Each of these art objects draw upon individuals (tiles, people, strips of metal) to form the whole.  Similar to a jigsaw puzzle, a missing piece would cause the image to be unfinished, incomplete, not whole. Remember what it was like to get to the end of the puzzle and discover one piece was missing?!

Is that what it is like when a loved one dies, moves away, or leaves us when there is a disagreement?  We feel separated, unfinished, incomplete, not whole.

Can we look beyond our first impressions?
(See what makes up the black and red marks,
click on image to enlarge)


I wonder if that is also true when we do not explore our assumptions about others, our conclusions about their intentions, or how we no longer see how they have changed?  We remain unfinished, incomplete, not whole.

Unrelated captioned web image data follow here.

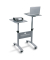 Multimedia Wagen verstellbar silber 82 x 81cm mit 4 Rollen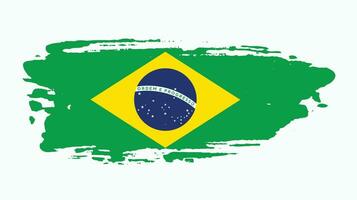 verblasster beunruhigter brasilien-flaggenvektor vektor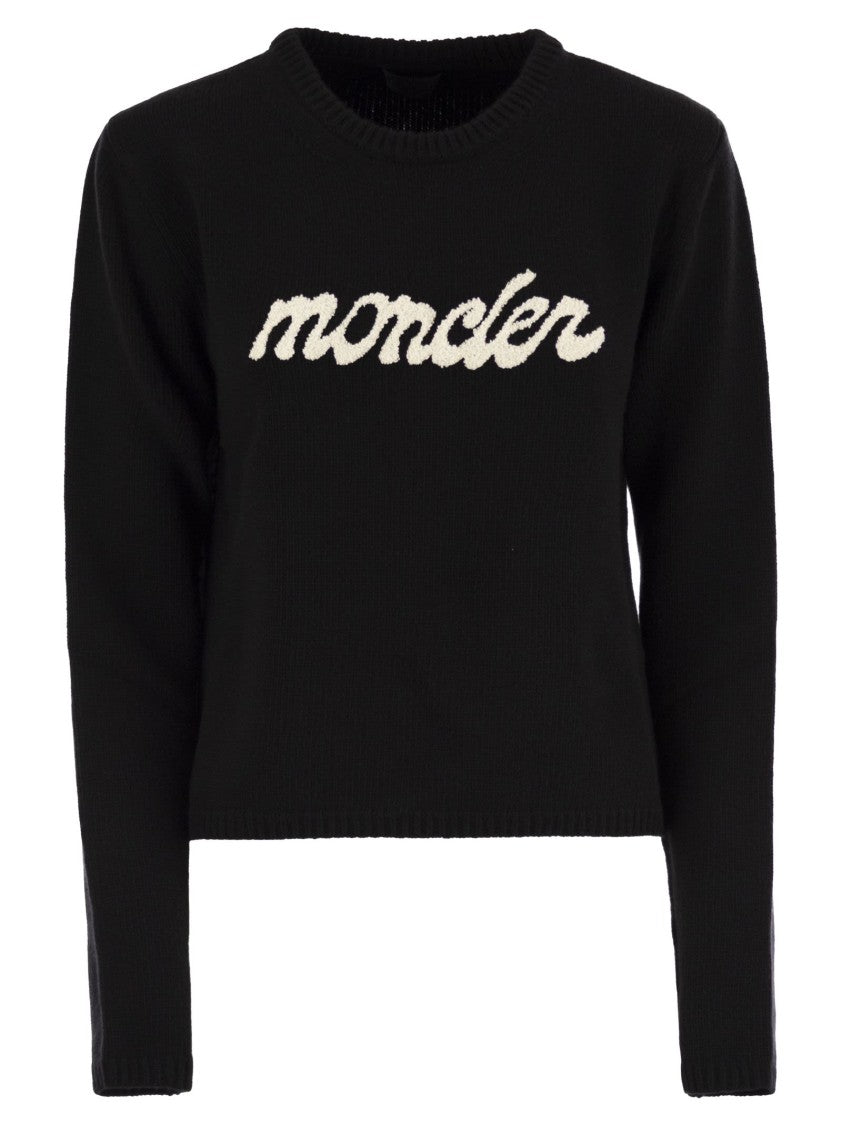 Moncler Logo Wool And Cashmere Jumper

If we focus only on the individual tiles or people in the Dutchman and Marilyn portraits, we lose the ability to see the image that is created when we come together.  Or, maybe we are locked inside the shell of what we believe: a hollow cavern that imprisons us by our thoughts.

Is there more to us than our outer shell?

This doesn't mean that we must give up our values and what is important to us.  Instead, we are invited to share what makes us unique -- while at the same time, listen and accept what is important and unique about the other person.  What binds us together is the Spirit that created and infused us with beauty.  Our goal is to seek the Both-And of the unique individuals we are and the beauty created when we come together.

May we seek out what or who is missing is our lives and learn to cherish our ability to see the whole.